With the newly declared COVID-19 pandemic, it’s important to give yourself time to process what will probably be one of the biggest news events of the decade. (Inverse’s Sunday newsletter, Sunday Scaries, will tackle how to do that, if you’re interested.) But it's also important to focus on cultivating efficiency during these strange days. Though your routine may change, you can still get important things done. Perhaps, you might even find time to be more efficient, despite the perils of working from home.
David Allen is the author of Getting Things Done, a book that has been translated into 30 languages since it was first published in 2001. When I asked him about working from home during COVID-19, he wasn’t fazed — but says many of us lack the structures on which we’ve come to depend, like a normal work schedule that involves going into an office.
“You really need to be able to manage yourself,” he says. “You need to use any techniques you can to be able to manage yourself so you don't let yourself get too distracted.”
Ultimately, a distracted work-from-home day can lead to even more time in front of the computer.
Here’s how Allen thinks his method could help stay-at-home workers stay on track so they can log off on time.
Even when you work from home, your brain is not your office
Allen has generated a lot of conversation. Some have described his movement as a “cult of productivity.” He says his method is largely focused on creating “stability, control, focus, and meaningful space in the head.” It’s not anything particularly secretive or magical.

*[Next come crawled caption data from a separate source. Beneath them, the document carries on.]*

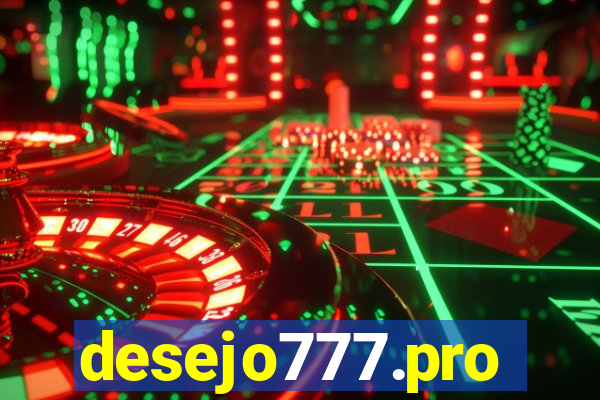 desejo777.pro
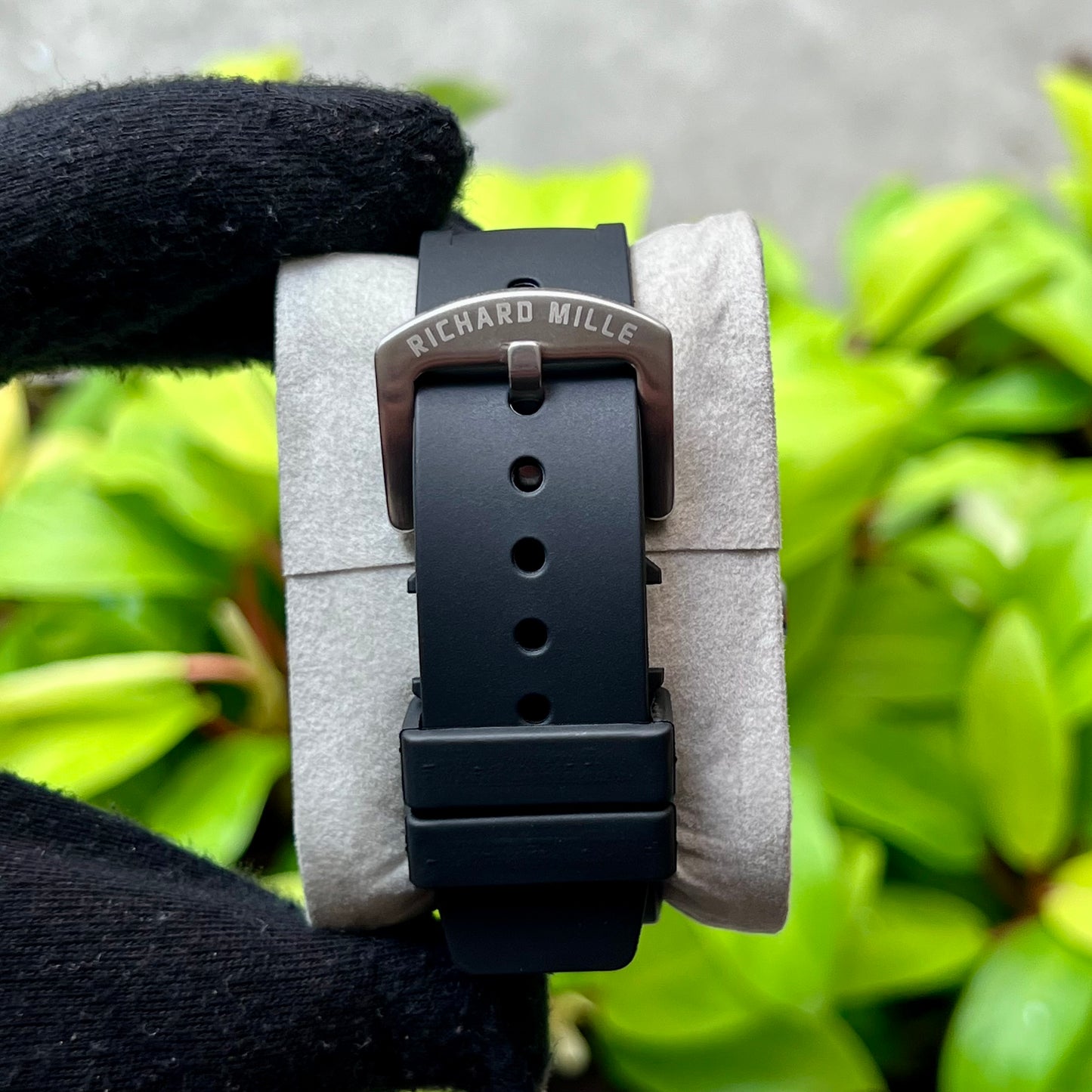 RICHARD MILLE PARA HOMBRE REF-NT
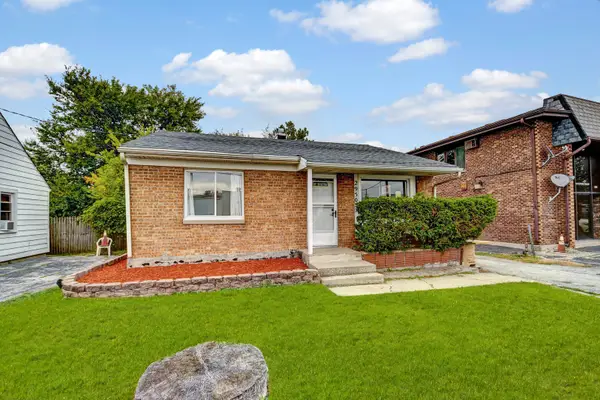 2950 Bernice Road, Lansing, IL 60438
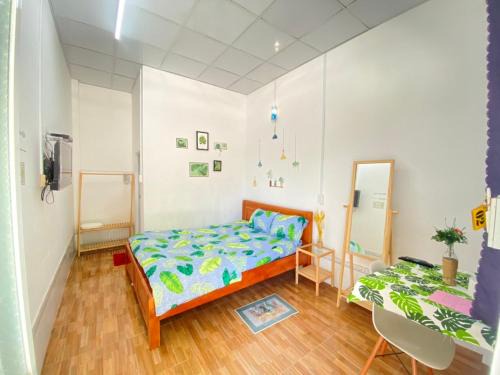 Kien Hai Hotel | Nhà nghĩ Gia An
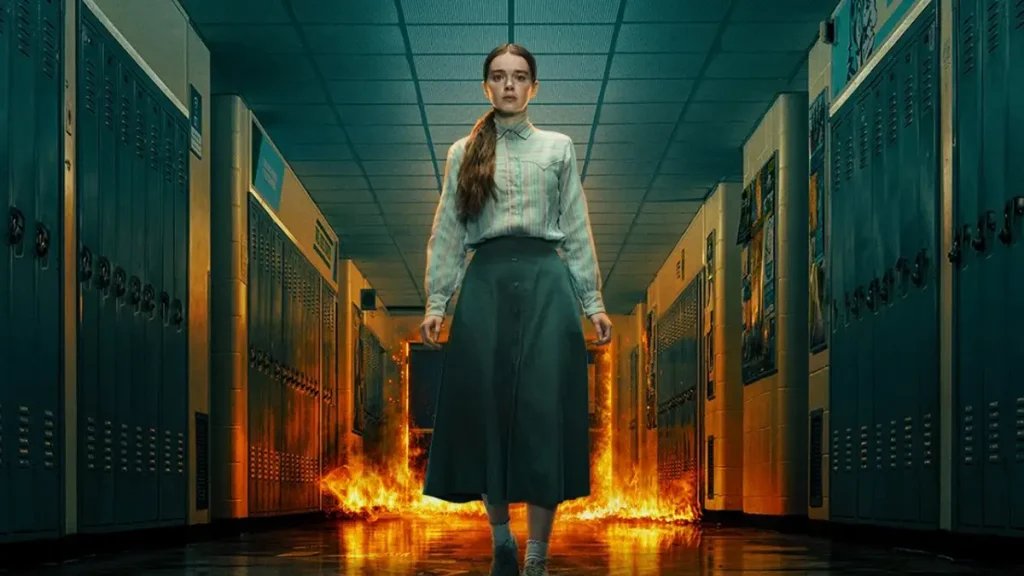 Carrie, a Estranha ganha trailer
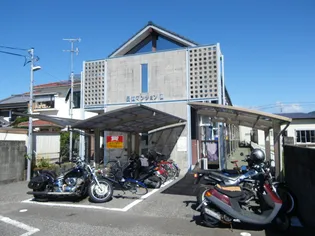 昌世マンションII【1階】の間取り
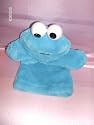 Sesame Street - Cookie Monster Hand Puppet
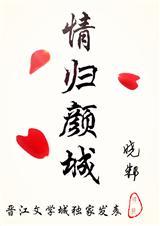 归情第一集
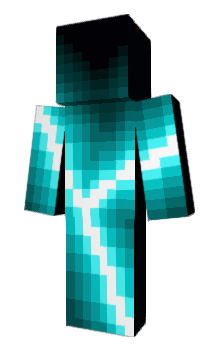 Minecraft skin HJDH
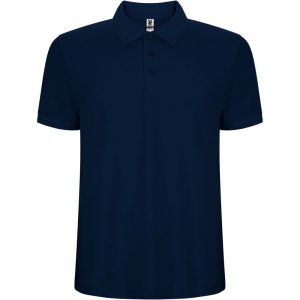 Polo cu mânecă scurtă Pegaso Premium pentru bărbați, 4XL - Img 2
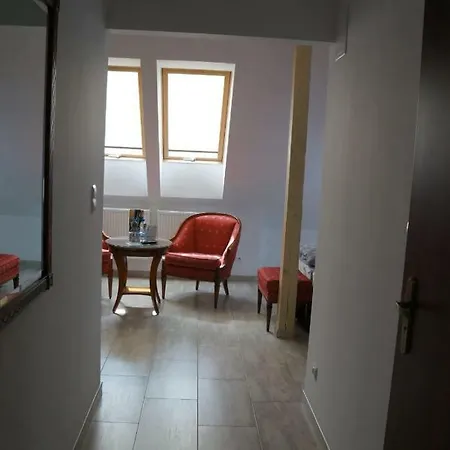 Nocleg ze śniadaniem Bukowa Przystań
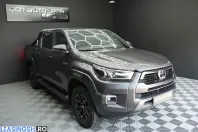 Toyota Hilux din 2023 cu 117.000 km - oferta TOY232821 - foto 1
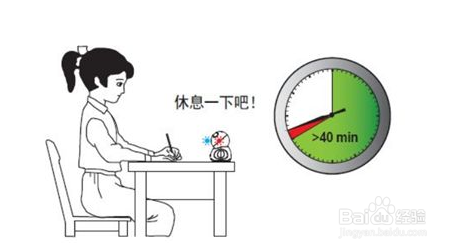 如何保护好眼睛,不成为近视眼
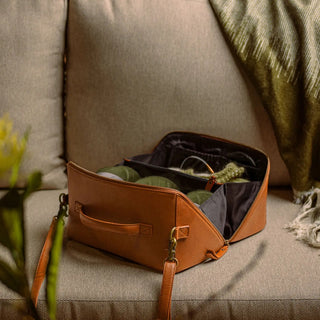 Cleo Midi Project Bag
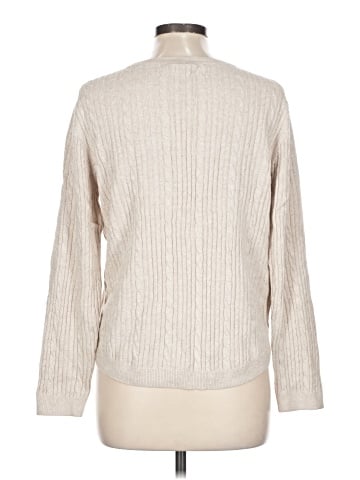 Croft & Barrow Pullover Sweater (view 2)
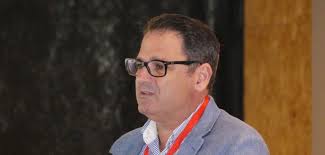 Joaquín Hernández exige a Mazón que deje hacer política partidista con el  agua usando el enfrentamiento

The idea behind Allen’s method is that, if you’re trying to keep a list of everything that’s going on in your head, you will inevitably fail. Instead, he says, you need to offload the things in your brain and put them onto paper, where you can start to make a plan.
His approach is broad. Everything, he says, falls into the greater category of “stuff” that might be psychological clutter.
“‘Buy cat food’ or ‘buy a company' take up about the same room [in your mind], and either one will wake you up at 3 o'clock in the morning,” he says. “So the main thing is to externalize all that stuff so that then it makes it much clearer what's little and what's big.”
One of the major criticisms of Getting Things Done is that the method is overly complicated — and is replete with flowcharts and jargon. At its heart, it’s just a system for dealing with those things that fly randomly across your mind and add clutter to your mental to-do list.
With that in mind, I asked him to boil it down.
The 5 steps of Getting Things Done
5. Figure out what things are constantly surfacing in your mind.
Allen calls this the capturing phase. It’s where “you notice what's got your attention” instead of letting it pass you by, only to resurface again at 3 a.m.
4. Decide just how much those things actually matter and how long it will take you to do them.
In some cases, you can take care of the things on your list right away — in the same moment that you think of them. Other tasks may not need to be done at all.
For others, you’ll need to lay out a more detailed plan of action, which is where his “externalization” process comes in.
3. Get organized using external resources.
Some people might call this a to-do list. Allen prefers the term “map,” but that’s just because the phrase “map” implies that you can chart a course of action.
“It's a better way to think about it, as opposed to just a list,” he says. “A list is a map if it’s a method that actually helps you, you know, orient yourself in space and time.”
That doesn’t mean you have to create a Pepe Silvia-inspired mind map. It just means that you have to be smarter about including the when, why, and how in your to-do list. As Tim Pychyl, a psychologist at Carleton University, told me previously.
“Specificity lends itself to knowing exactly what you need to do. You can take those next little steps.”
2. If you need to, set reminders.
As Allen notes, there are some things you just won’t be able to get to right away. The best course of action for those items is to set a reminder for another time that you can do it.
That allows you to make progress on goals, even if you can’t complete them.
1. Make the time to reflect
Finally, you need to take the time to recognize the things you’ve already accomplished, and figure out what worked and what didn’t.
“If you've captured, clarified, organized, and reflected on all your commitments, then you're going to make much more trusted choices about what you do and what you don't do,” he says.
All of this can get boiled down even more. The key to actually getting things done, says Allen, is simply thinking them all the way through.
Especially since we’re going to have to manage ourselves a bit more for the foreseeable future, we’re going to have to think a bit more critically about getting things done. Give yourself the time and structure to stay on track.